For the Test Theory exam, with a total test reliability of 0.71, the observed subtest score reliabilities (PRMSEs) equaled 0.58 for the conceptual understanding subtest and 0.52 for the factual knowledge subtest. Note that these reliabilities are low, but given the number of items and the type of questions that are being asked, they are not uncommon. Sinharay (2010) for example, reported an average operational subtest reliability of 0.38 for subtests with an average of 19 items. The PRMSE in estimating the true subtest score from the observed total score (PRMSEx) was 0.80 for both the conceptual subtest and the factual knowledge subtest. Since the PRMSEx values are larger than the PRMSEs values, we conclude that reporting subscores would not be useful in this case. In this example the correlation between the conceptual understanding and factual knowledge subtest was 0.54, and the subscores with total score correlations were 0.91 and 0.85 for conceptual understanding and factual knowledge, respectively.

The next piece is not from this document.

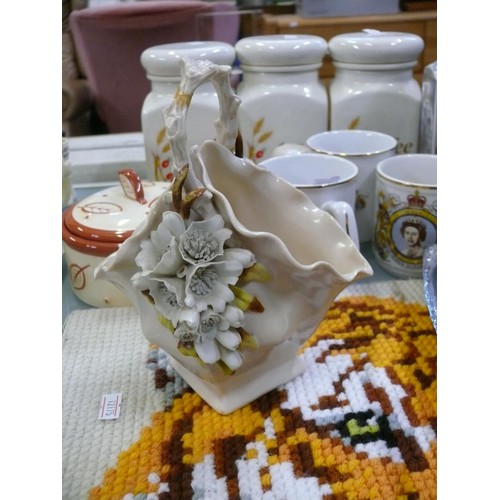 274 - MIXED LOT TO INCLUDE 3 CERAMIC JARS, COMMEMORATIVE MUGS, HAND WORKED TAPESTRY OF A TIGERS HEAD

For the statistics exam consisting of open and multiple-choice questions the PRMSEs was 0.63 for the open questions and 0.66 for the multiple choice questions, with a total score reliability of 0.77. Since the PRMSEx was 0.81 for the open questions and 0.84 for the multiple choice questions, both larger than the PRMSEs of both subtests, we conclude that reporting subscores would not be useful for this exam1. Furthermore, the correlation between the subtests was 0.63, and the subtest-total test correlation was 0.85 for the open questions and 0.94 for the multiple-choice questions. Note that these results are in agreement with the suggestion made by Sinharay (2010) that subscore-total score correlations larger than 0.85 often result in subscores that do not have added value to the total score. Thus, reporting separate “diagnostic” subscores for the open questions and the multiple choice questions is not useful here.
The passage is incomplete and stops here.